== Data extracts

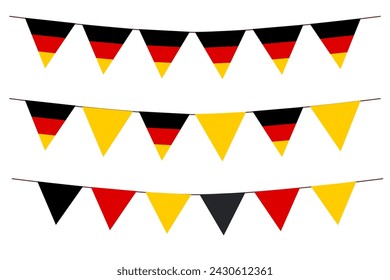 Germany flag bunting set isolated on white background for decoration vector illustration.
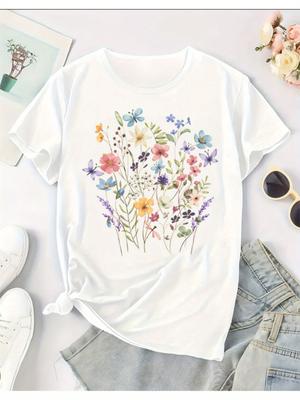 Camiseta Feminina com Estampa Floral  Corte Solto   Estilo Casual Confortável Manga Curta Gola Redonda com Design Floral Vibrante Minimalista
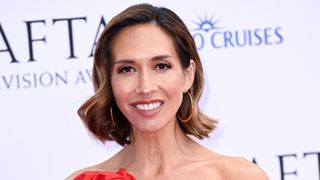 Updos are tricky with a bob, but Myleene Klass has the chicest solution, and all you need is straighteners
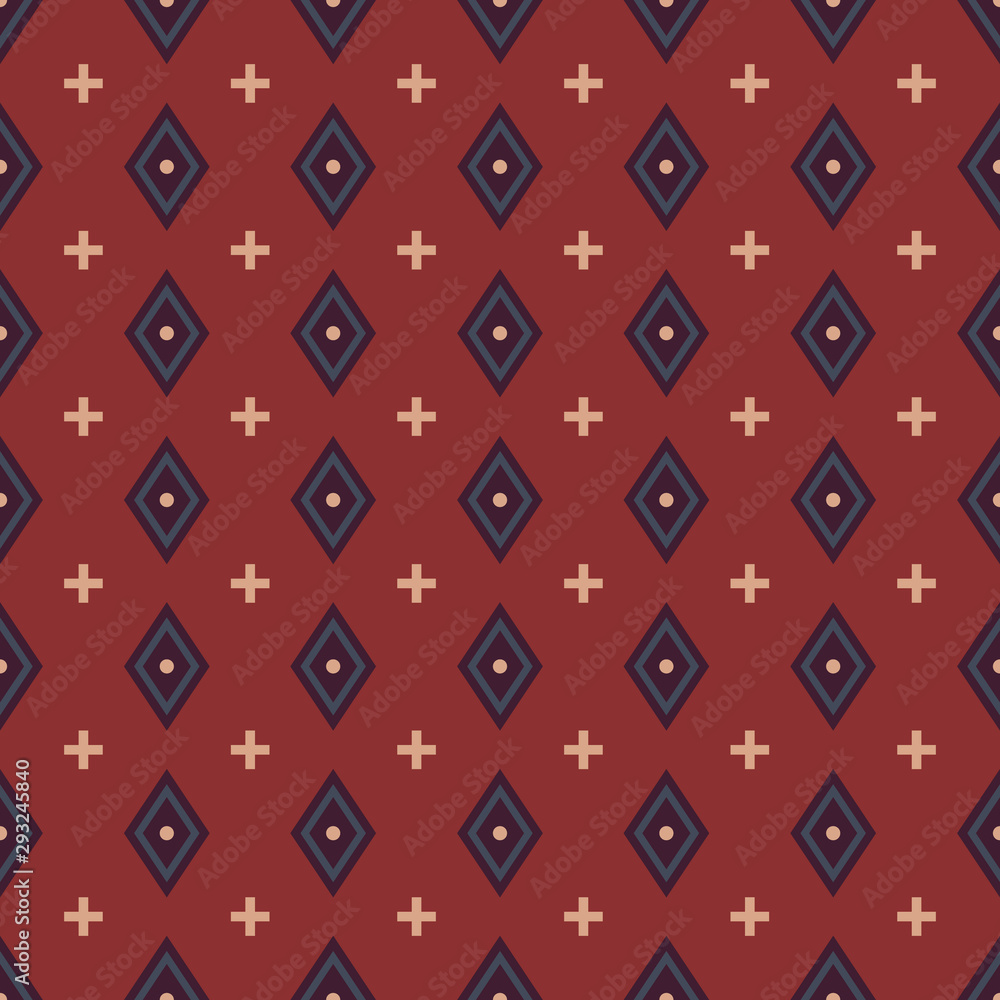 Geometric seamless pattern. Minimal texture on red color illustration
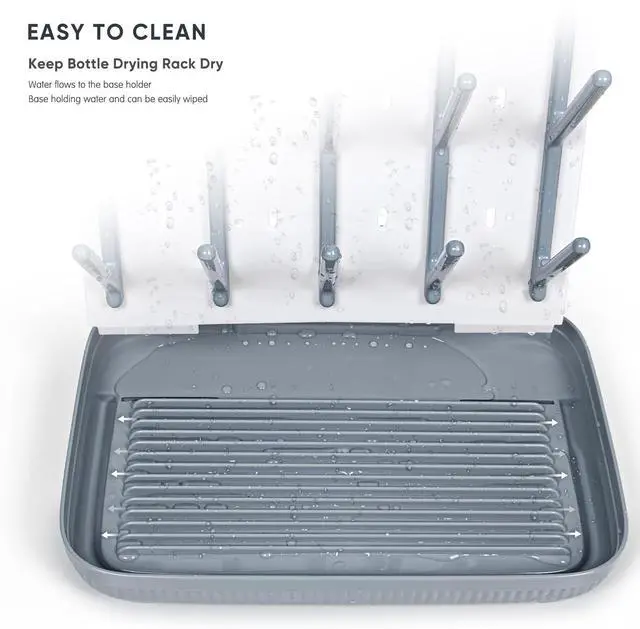 Alt view image 3 of 7 - Baby Bottle Drying Rack: Large Vertical Bottle Dryer Rack Holder - Space Saving Standing Drying Rack for Baby Bottles and Pump Part Cleaning (Gray)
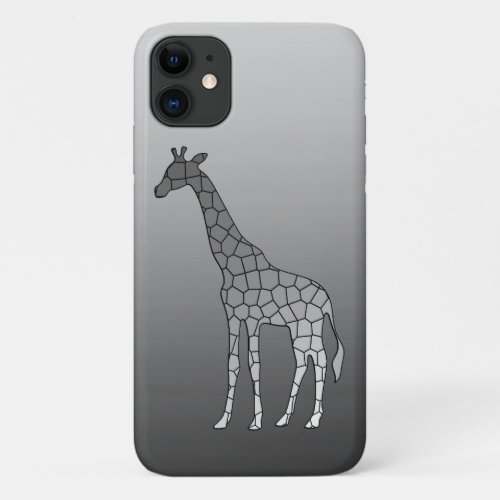 Modern Geometric Giraffe Silver Gray  Grey iPhone 11 Case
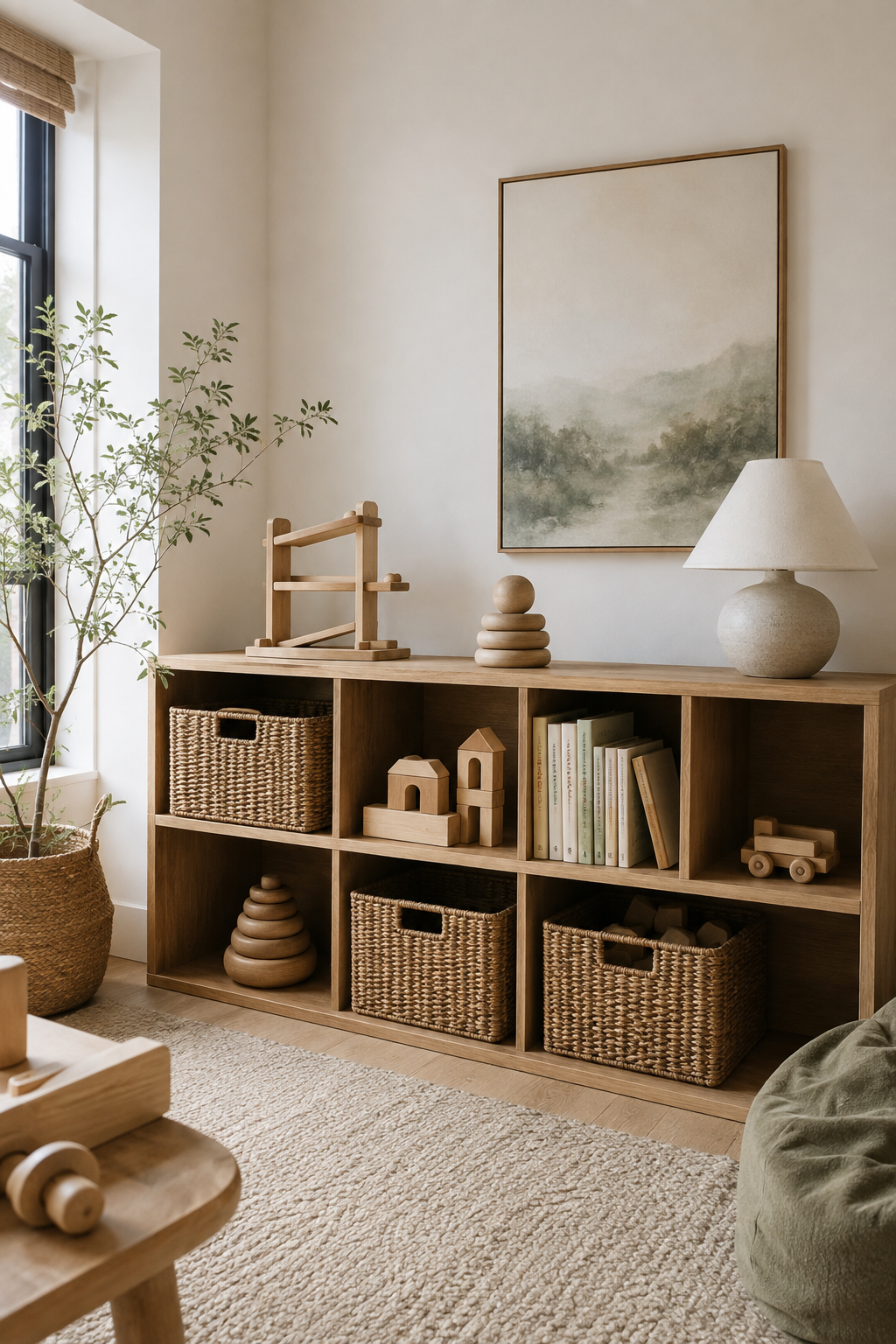 Scandinavian-style toddler room with light wood open storage shelving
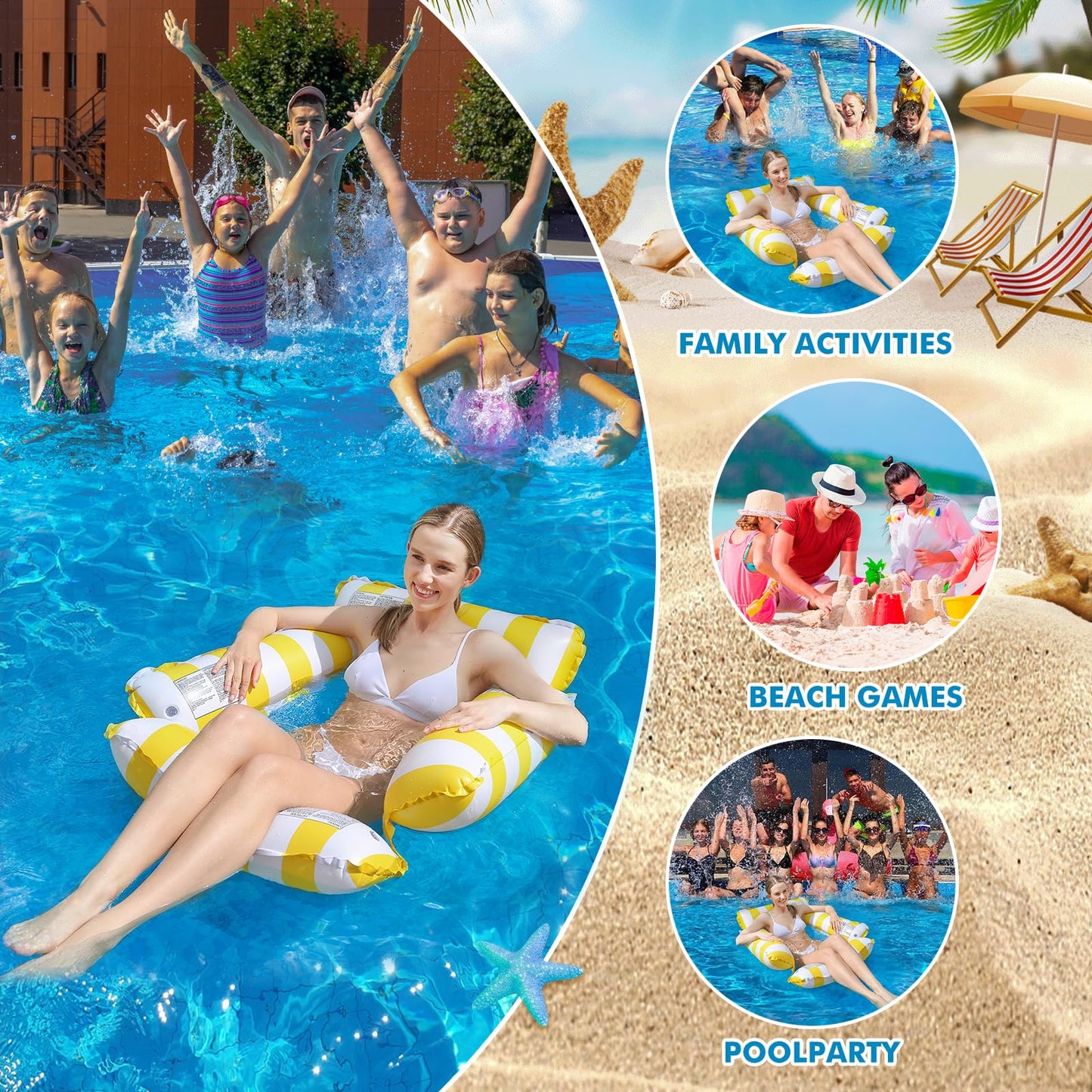 Inflatable pool float chair lounge for adults and kids, swimming, striped float hammock for pool party summer water fun (Pink+Yellow)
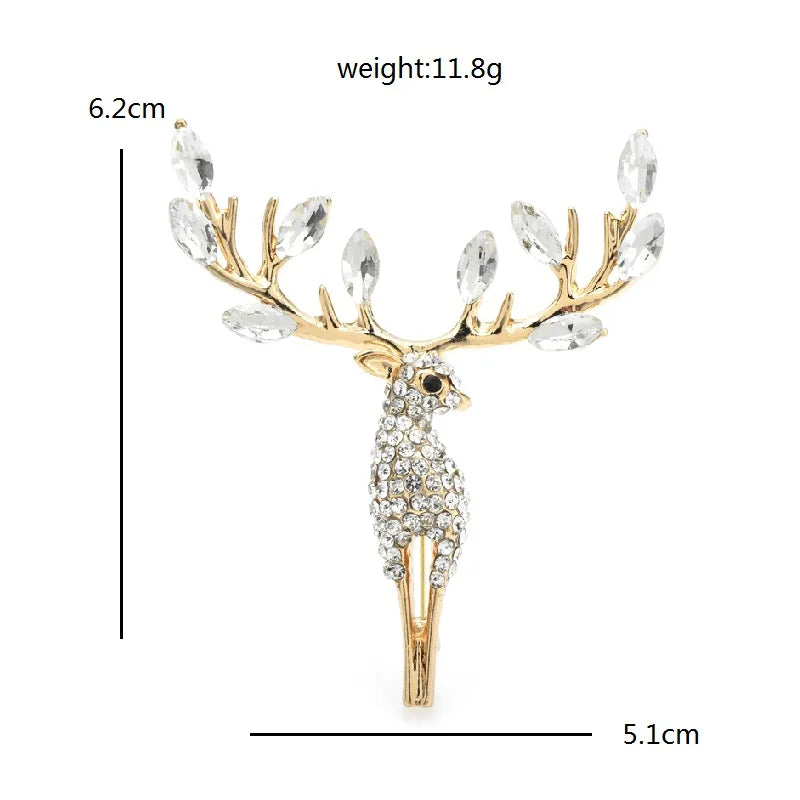 PENDRA Lucky Deer Rhinestone Animal Brooch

====

Required work – Do not include pictures. Copy only the lines running from the line with "Inflatable pool float" through the last line of the records, exactly as they appear.

Task result –
 Inflatable pool float chair lounge for adults and kids, swimming, striped float hammock for pool party summer water fun (Pink+Yellow)
 PENDRA Lucky Deer Rhinestone Animal Brooch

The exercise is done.